Category Archives: IB

building better wagons

2E6672CD-BE92-4F42-BE13-E3F32830AD90I’m obsessed with printing Klein bottles, “a surface in which notions of right and left cannot be consistently defined.” I suppose that I like them for how weird they are, how there isn’t supposed to be a beginning or end, and, really, how cool they look. While my prints of these bottles are mostly relegated to designs that I’ve found online, the design and fabrication of such a shape seems ripe for some interdisciplinary work at the intersection of science, technology, engineering, arts, and math.

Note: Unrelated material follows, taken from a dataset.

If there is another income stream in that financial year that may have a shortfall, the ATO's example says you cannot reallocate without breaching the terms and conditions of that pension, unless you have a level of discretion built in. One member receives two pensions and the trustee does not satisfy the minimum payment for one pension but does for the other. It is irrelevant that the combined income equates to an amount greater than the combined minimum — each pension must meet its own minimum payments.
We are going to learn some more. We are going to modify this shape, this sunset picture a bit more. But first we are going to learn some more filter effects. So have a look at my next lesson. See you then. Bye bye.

STE(A)M is another one of those educational “innovations” that I wrote about yesterday, though I don’t like talking about it as an innovation when working within and between these subject areas should be the norm rather than something special. I get that the acronym has a big fan, but the problem with STE(A)M is that it puts a focus on certain subject areas and ignores others. Why aren’t we paying similar attention to how English and history studies could and should be paired so that they spiral together? Or what about the interplay between English and technology, or physical education and math, or heck, just about any other combination of subjects?

At school, we’re working on crafting a statement that explains the work that we’re doing with STE(A)M, and I keep getting hung up on the lack of truly transdisciplinary focus that includes all subject areas. As my friend and colleague, Chris Beddows, wrote on his great new IB Primary Years Program-focused blog:

Now we are not saying we are becoming a ‘STEAM School’  – we are, and continue to be, committed to the standards and mission of the IB. We are proud to be an IB world school. However, STEAM is an approach to teaching and learning that will truly enhance our program of inquiry. It is also a way that we can continue to strengthen and develop our links throughout all three programs we offer at school. These links are clear to see. You just have to look at the program models from the IB. Within each there are the phrases ‘approaches to teaching’ and ‘approaches to learning’.

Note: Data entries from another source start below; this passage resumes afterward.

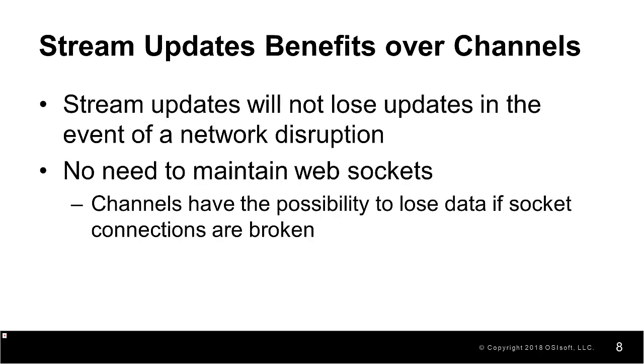Last but certainly not least, stream updates have more desirable behavior in the event of a network interruption between the client and the PI Web API. In stream updates, a network interruption may cause an individual HTTP GET request to fail but the server will not lose updates or signup contacts. This means that when subsequent HTTP GET calls are made successfully, no data updates are lost.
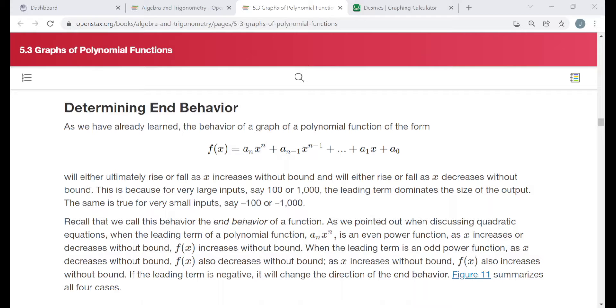Hello everyone. The title of this video is Determining End Behavior. Each example I'm going to be doing is taken directly from a free online textbook at openstax.org. I'm in their Algebra and Trigonometry text, section 5.3, called Graphs of Polynomial Functions, under the heading Determining End Behavior.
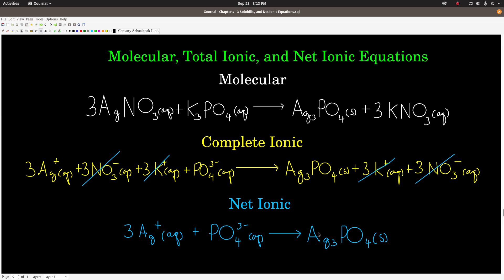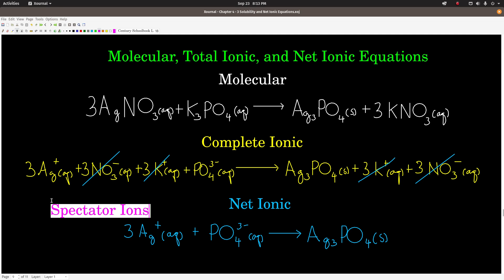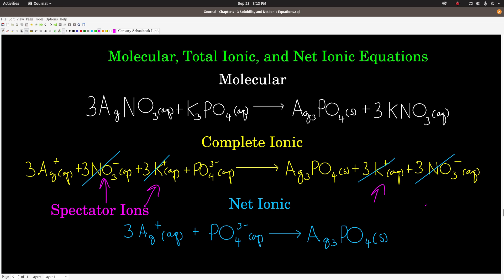To get the net ionic equation, we cross out anything identical on both sides of the arrow in the complete ionic equation — those are the spectator ions. For us, that's the three nitrates and the three potassiums. What we're left with is the net ionic equation: three silver ions plus phosphate makes solid silver phosphate. Net ionic equations are valuable because they focus on the actual chemistry occurring and eliminate the spectator ions. We'll see more uses for them as we continue through the course.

Each one of the IB program models emphasizes a well-rounded education and, as Chris mentioned, separate but related foci on approaches to teaching and approaches to learning. What I think we’re finding is that STE(A)M is a great way to frame our first concerted effort at interdisciplinary work (though our lower school, and I suspect many lower schools, have been doing such work for a long time), but there’s a lot more to truly great teaching and learning than the acronym. Interdisciplinary work that scaffolds through all our grades, that broadens in scope and breadth, and that informs — but doesn’t constrain — what we do in our classrooms is becoming the new hallmark that we are striving towards.


Who doesn’t love a good acronym? But teaching and learning shouldn’t be constrained by the letters that we choose to use in an easy to remember word, just as it shouldn’t hitch its wagon to every cool-sounding “innovative” educational movement.

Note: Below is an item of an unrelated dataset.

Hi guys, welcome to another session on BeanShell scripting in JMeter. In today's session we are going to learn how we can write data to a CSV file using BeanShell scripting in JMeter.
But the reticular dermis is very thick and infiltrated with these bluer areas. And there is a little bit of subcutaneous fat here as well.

Approaches to Teaching and Outcome-Based Plans… and STEM again

programmodels

 

© International Baccalaureate Organization 2012

 

I’ve been trying to come up with talking points for expanding our lower school STEM initiative into a broader K-8 program, and, as my previous post gave away, hopefully re-framing it into more of a holistic approach to both technology integration and the intersection of those specific subjects into the rest of the curriculum. Moving this program into our middle school is going to be a challenge because we’re not only expanding past self-contained classrooms for a bell schedule and roving packs of students, but also because we’re now looking at eight separate disciplines of the IB Middle Years Program instead of cross-curricular Program of Inquiry in the Primary Years Program. Yesterday, I noticed that all four of the new program models released earlier this year have Approaches to Teaching in the concentric circle closer to the learner. This felt like opportunity to re-center the discussion around how we teach instead of what we teach, if only I could find more information about what the IB’s definition of Approaches to Teaching actually meant.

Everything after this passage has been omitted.